In addition, when the brazing filler metal component other than the Si-containing flux that generates the brazing filler during brazing is used as the brazing filler metal component, the brazing filler metal is usually not generated on the surface of the tube member or the plate member. Of course, it is also possible to apply this flux.
And even if it is the above-mentioned Si-containing flux or ordinary flux, these fluxes are formed into a desired shape by using a material such as a fin material, a tube material, or a plate material as a heat exchanger. After the assembly, it can be applied to the heat exchanger, or can be applied in advance to a material such as a fin material, a tube material, or a plate material. In the former case, brazing heating is performed after the flux is applied to the heat exchanger, and in the latter case, each of the above materials is formed into a desired shape and assembled as a heat exchanger, and then brazing heating is performed. Do.

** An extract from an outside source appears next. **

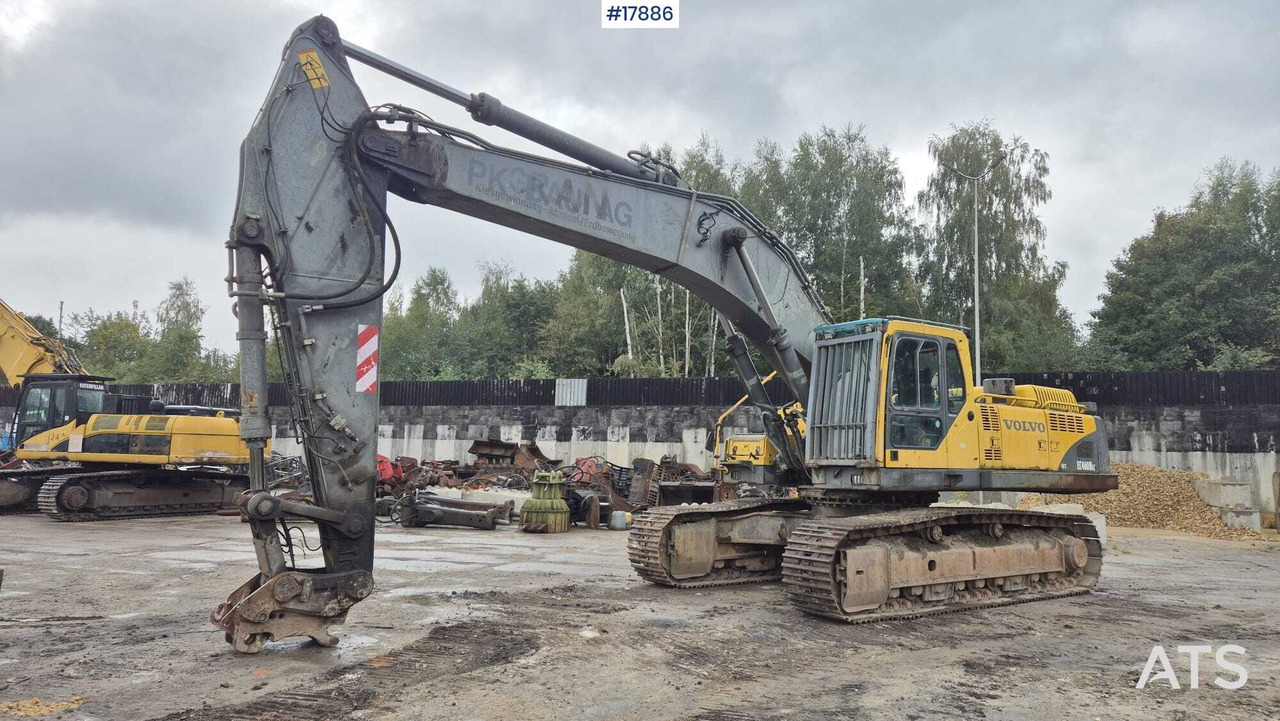 2004 Volvo EC460BLC - Crawler excavator: picture 3 2004 Volvo EC460BLC - Crawler excavator: picture 3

  When the flux is applied after being assembled as a heat exchanger, there are a method of sprinkling the flux powder, a method of spraying the flux powder by suspending it in water, and the like. When the material is coated in advance, the adhesion of the coating can be improved by mixing and applying a binder such as an acrylic resin to the flux powder.

Flux used to obtain the function of a normal flux, not as a brazing material component, includes KAlF ₄ , K ₂ AlF ₅ , K ₂ AlF ₅ .H ₂ O, K ₃ AlF ₆ , AlF ₃ , KZnF ₃ , K ₂ Fluoride flux such as SiF ₆ , cesium flux such as Cs ₃ AlF ₆ , CsAlF ₄ .2H ₂ O, Cs ₂ AlF ₅ .H ₂ O, and the like.

  Moreover, when apply | coating a brazing filler metal component to the surface of a tube material or a plate material, a brazing filler metal component and the said normal flux powder can also be mixed and apply | coated. Furthermore, if a binder such as an acrylic resin is mixed and applied, the adhesion of the coating can be improved.

Example 1
In this example, as examples and comparative examples according to the aluminum heat exchanger of the present invention, mini-cores of a plurality of types of aluminum heat exchangers were produced and their corrosion resistance was evaluated.
In this example, mini-cores (samples E1 to E26) of aluminum heat exchangers shown in Table 2 as examples, and mini-cores (samples C1 and C2) of aluminum heat exchangers shown in Table 2 as comparative examples. Was made.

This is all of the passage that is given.